Di peculiare, però, il rapporto Eurispes presentato oggi a Montecitorio ha molto poco. Quasi tutti i dati citati, indici di frequenza compresi, sono infatti già stati pubblicati dall’Inail, e sono liberamente consultabili nella banca dati statistica dell’Istituto. Peggio ancora, l’analisi esplorativa dell’Eurispes si ferma in tutte le tabelle al 2005, mentre l’Inail ha già reso pubblici i dati non consolidati del 2006 e del primo trimestre 2007, oggetto giovedì scorso di una conferenza stampa del ministro Damiano. Da queste rilevazioni emerge che il numero dei morti sul lavoro nel 2006 è cresciuto del 2,2 per cento rispetto all’anno precedente. Nel trend di medio periodo 2002–2006, però, si è passati dalle 1.478 vittime del 2002 alle 1.302 dell’anno scorso.
Articolo pubblicato sull’agenzia Redattore Sociale il 22 maggio 2007
Aggiornamento. Come ho fatto presente il 6 giugno in un commento a un post di Cesidio Angelantoni, che come me ha trovato inappropriato — per usare un eufemismo — il paragone tra morti sul lavoro e vittime della guerra in Iraq, qualche giorno dopo aver scritto questo articolo ho scoperto che Daniele Capezzone, oltre a essere presidente della Commissione Attività produttive della Camera, dal gennaio 2007 fa anche parte del consiglio direttivo dell’Eurispes. Si tratta di un dettaglio, certo, specie in un Paese in cui il conflitto di interessi è la regola più che l’eccezione. Capezzone, però, avrebbe dovuto ricordarlo ai giornalisti intervenuti alla presentazione della “mappatura” delle morti sul lavoro, perché aiuta a contestualizzare meglio la notizia e a rendere tutto molto più chiaro.
finalmente ti si rilegge! bentornato.
un post quanto mai d’interesse civile.…al di là della retorica sul fare di più ecc.…
Ti ringrazio per il bentornato. Fa piacere che qualcuno si sia accorto del mio “ritorno”, anche se in realtà non me ne sono mai andato. Il silenzio delle ultime settimane è dovuto soltanto a una cronica mancanza di tempo, causa altri impegni che, a differenza del sito, mi permettono di sbarcare il lunario (più o meno). L’elenco delle questioni di cui avrei voluto occuparmi in questo periodo è lungo, e non è nemmeno escluso che lo faccia prossimamente. Confesso, però, un po’ di scoramento di fronte all’andazzo generale di questo periodo.

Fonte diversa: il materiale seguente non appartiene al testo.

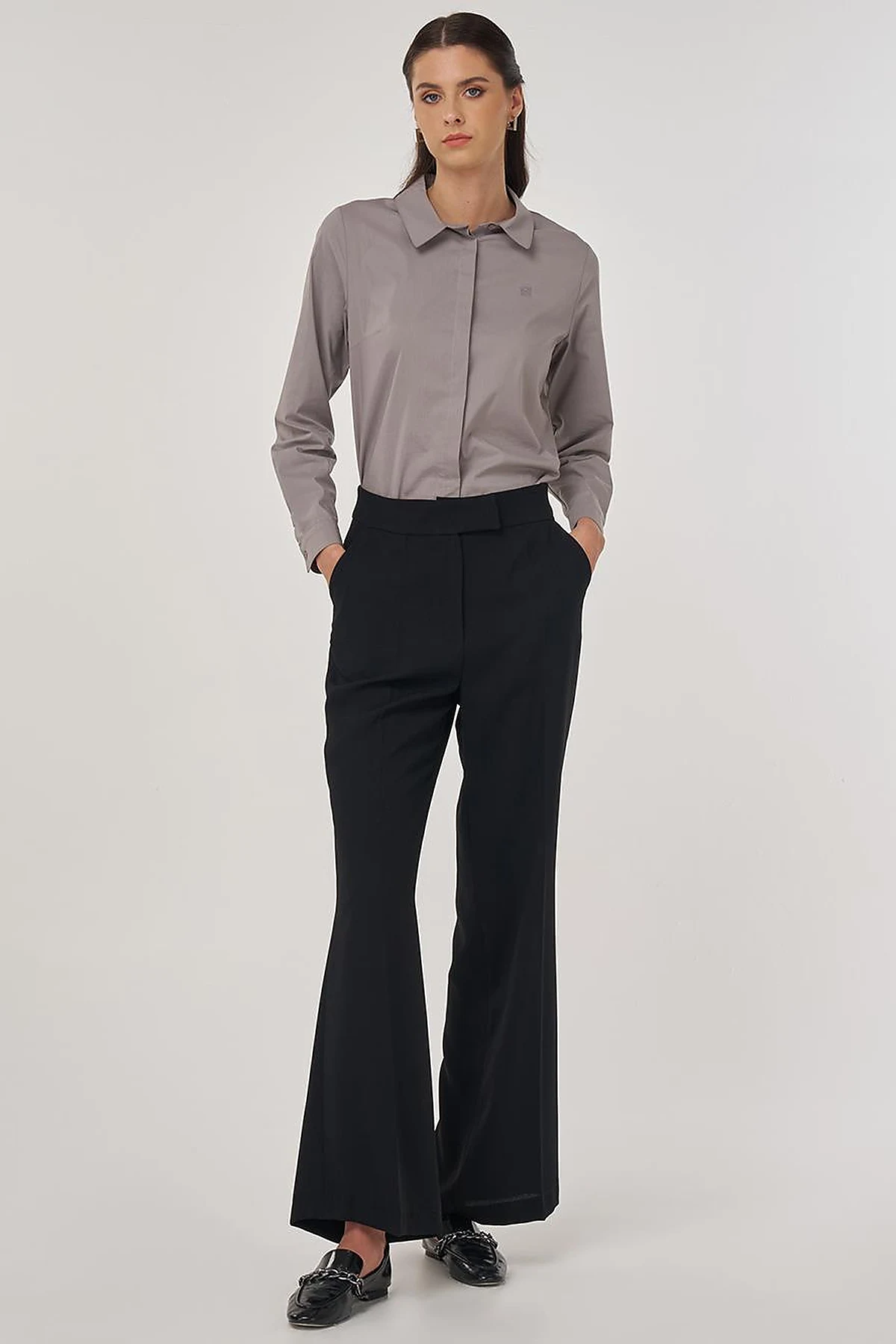 Flowy Crepe Trousers in Black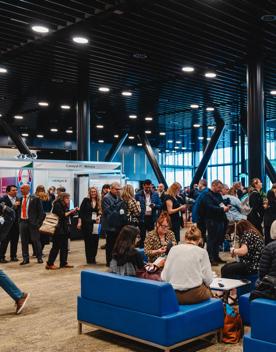 People networking at ICDE World Conference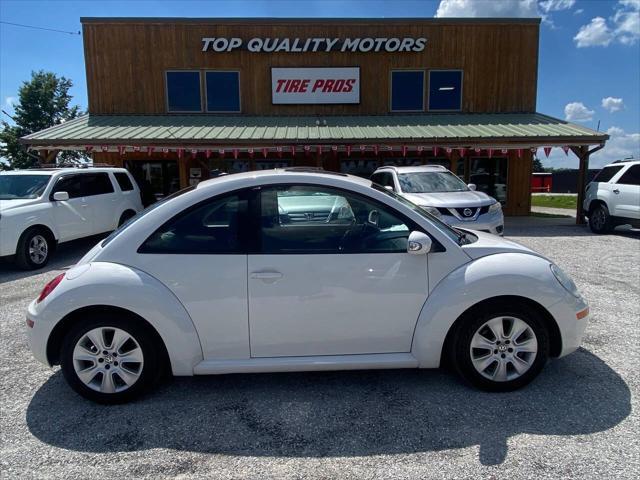 2010 Volkswagen New Beetle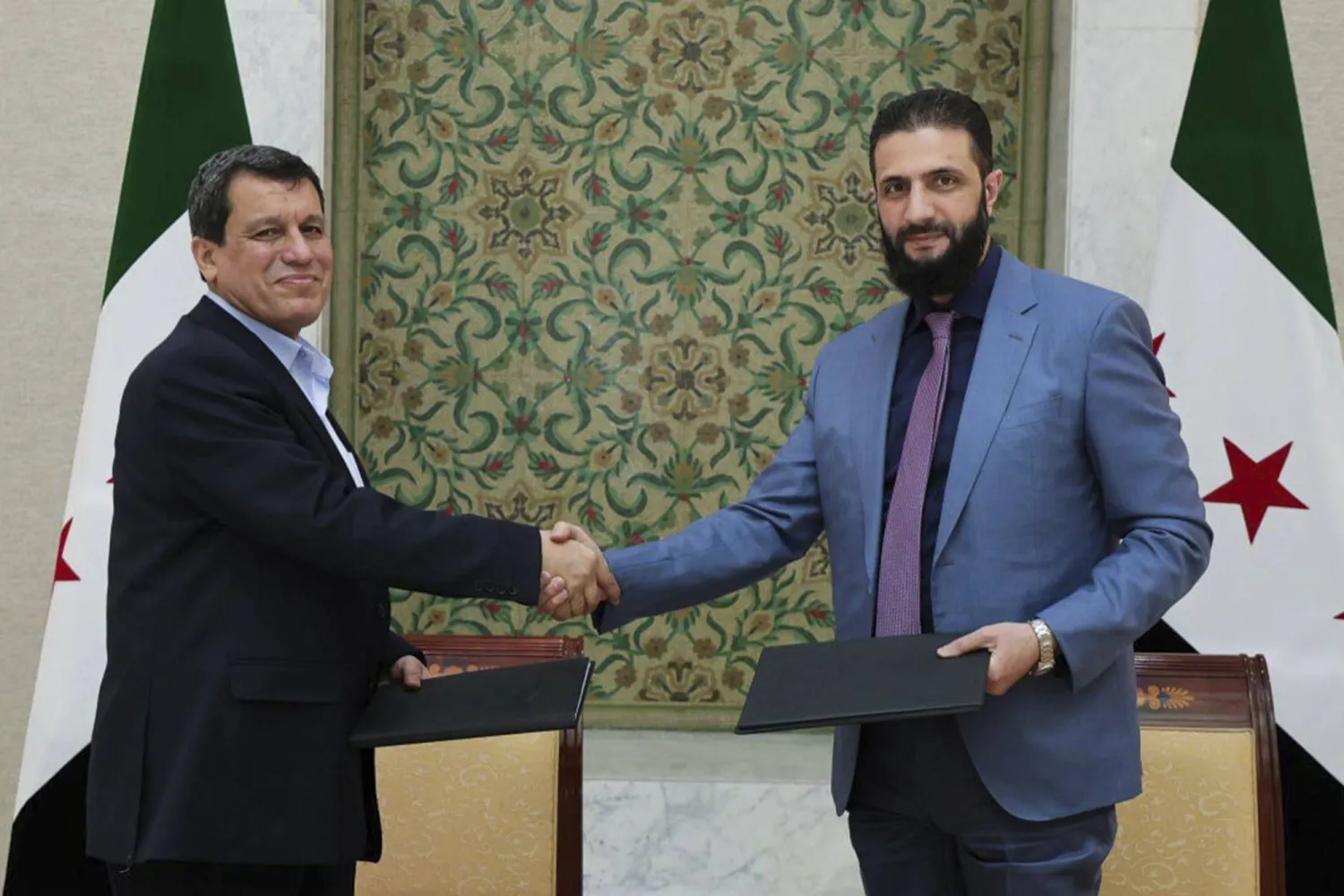 تقرير: احتجاز «قسد» عشرات المدنيين في دير الزور والرقة منذ منتصف الشهر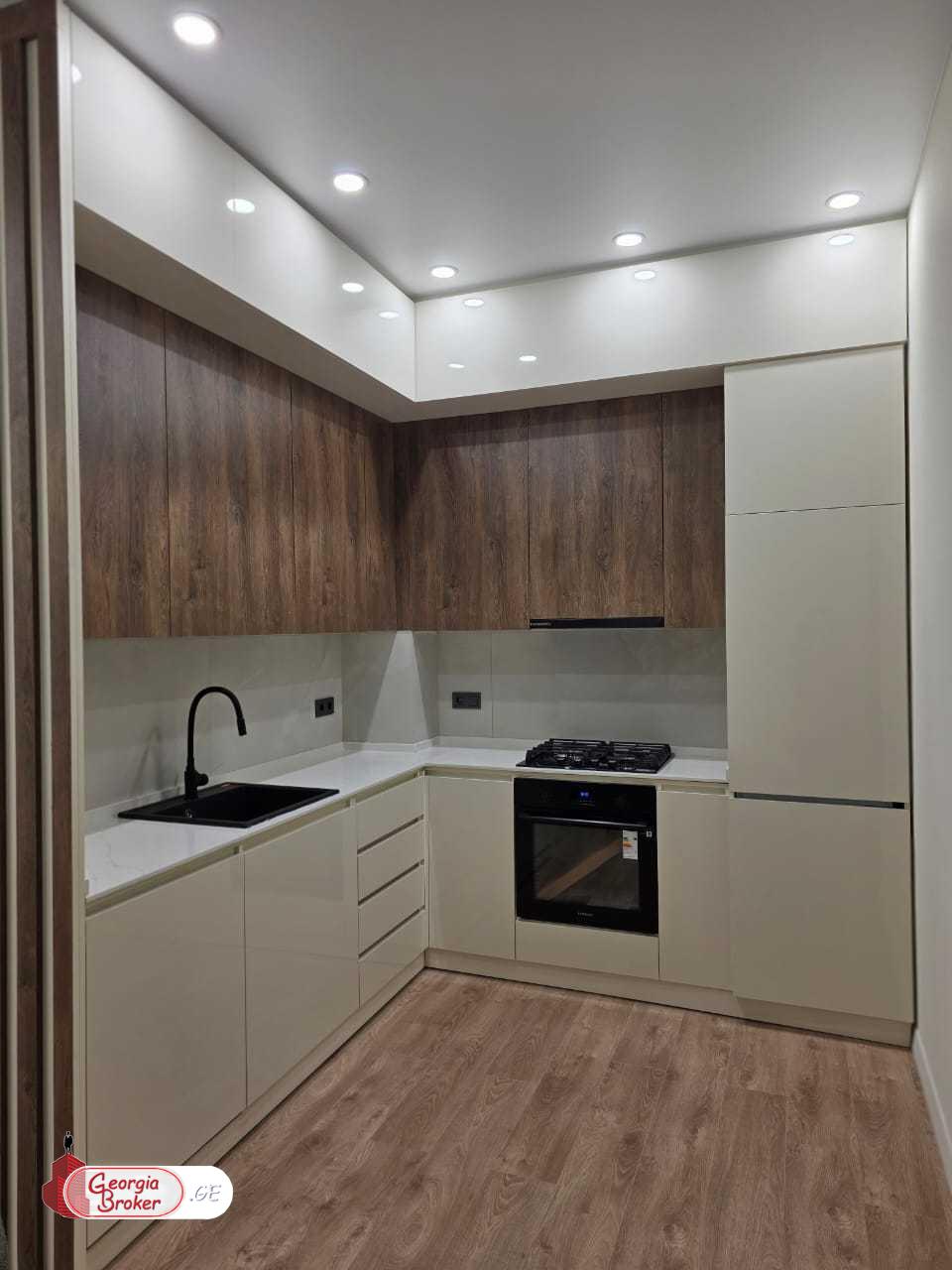 продается квартира с новым ремонтом 2-комнаты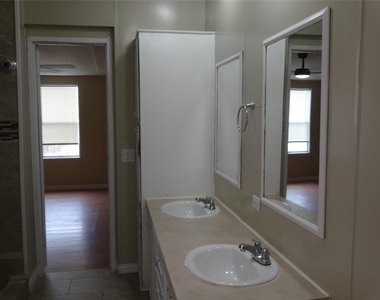 1220 8th Street - Photo Thumbnail 7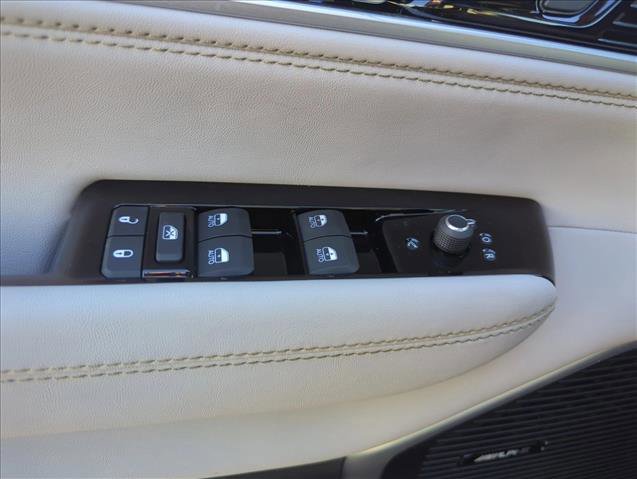 New 2026 Jeep Grand Wagoneer 2WD w/ Premium Group I image 16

sulla mancanza di tempo…a chi lo dici. È difficile tenere tutto insieme. però credo tutto sommato meriti, perché se uno dedica un po’ di tempo all’informazione i risultati si vedono…anche e soprattutto in termini di seguito.
a presto
Complimenti per il post. Al di là della strumentalizzazione con il paragone difficilmente proponibile della Guerra in Iraq, il problema degli infortuni sul lavoro (che in Italia si accompagna anche con l’altrettanto pesante bilancio degli incidenti stradali, molti dei quali infortuni sul lavoro veri e propri) è anche culturale. Se gli operai possono attribuire la responsabilità al padrone che risparmia sulla sicurezza, gli artigiani che salgono sui tetti o che scendono nei pozzi senza protezioni, o gli autotrasportatori che guidano in eccesso di velocità lo fanno (anche) perché non hanno la cultura della prevenzione dell’incidente.